Are you sure the original version you wrote (without @eval) doesn’t already do what you want? I would expect it is, making a closure over X so that any changes to the variable X are seen in its run-time evaluation.

If not, you could do something like the following:

_ddx(v,X) = ((v[4] + v[6]) / 2 - v[5]) / X.^ 2 # define once
ddx = let X=X;
v -> _ddx(v,X)
end # run this every loop to capture the updated X

In case you really do want to invoke the compiler (which might be the case if a high-level iteration of your loop takes a long time to execute, otherwise it wouldn’t be worth it performance-wise), here are two options.

Note that isbits(X) has to hold if you want to move X into the type domain, so in practice it probably has to be a static array, as in StaticArrays.jl.

Untested:

# Example function
some_function_scalar(x, a, b, c) = ((a + b)/2 - c) / x .^ 2
function some_function_vector(x, v)
(a, b, c) = v
some_function_scalar(x, a, b, c)
end
# Option 1, move `X` into the type domain
compiled1_impl(f::F, ::Val{x}) where {F, x} = let f = f
v -> f(x, v)
end
compiled1(f::F, x) where {F} = compiled1_impl(f, Val(x))
# Option 2, move the entire function into the type domain
closure(f::F, x) where {F} = let f = f, x = x
v -> f(x, v)
end
compiled2_impl(::Val{f}) where {f} = v -> f(v)
compiled2(f::F) where {F} = compiled2_impl(Val(f))
compiled2(f::F, x) where {F} = compiled2(closure(f, x))

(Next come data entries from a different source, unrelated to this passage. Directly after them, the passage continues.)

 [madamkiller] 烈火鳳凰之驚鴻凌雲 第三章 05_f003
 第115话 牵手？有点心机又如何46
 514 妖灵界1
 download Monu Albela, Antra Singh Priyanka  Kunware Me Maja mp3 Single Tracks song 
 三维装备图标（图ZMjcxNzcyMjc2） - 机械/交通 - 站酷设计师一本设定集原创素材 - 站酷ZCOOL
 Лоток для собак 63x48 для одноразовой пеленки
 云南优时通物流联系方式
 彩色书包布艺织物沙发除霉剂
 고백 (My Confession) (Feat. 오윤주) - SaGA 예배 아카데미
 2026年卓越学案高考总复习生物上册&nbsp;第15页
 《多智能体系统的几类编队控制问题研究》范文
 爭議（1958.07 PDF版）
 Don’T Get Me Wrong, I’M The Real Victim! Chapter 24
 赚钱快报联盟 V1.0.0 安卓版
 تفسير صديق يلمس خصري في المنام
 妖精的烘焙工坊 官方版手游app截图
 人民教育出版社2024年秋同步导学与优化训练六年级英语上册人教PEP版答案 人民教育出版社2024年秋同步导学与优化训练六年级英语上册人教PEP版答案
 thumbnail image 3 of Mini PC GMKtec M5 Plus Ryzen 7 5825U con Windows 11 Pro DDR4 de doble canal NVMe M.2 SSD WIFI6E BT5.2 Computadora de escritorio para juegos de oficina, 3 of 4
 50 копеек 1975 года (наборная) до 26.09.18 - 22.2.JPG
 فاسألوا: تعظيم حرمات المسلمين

Then you can create your compileable function like compiled1(some_function_vector, x) or compiled2(some_function_vector, x), and it will get compiled (with x as a compile-time constant) the first time you run it.

Keep in mind that you also need to use function barriers properly (see the Performance tips page in the Manual), so your inner loops will have to be in their own functions.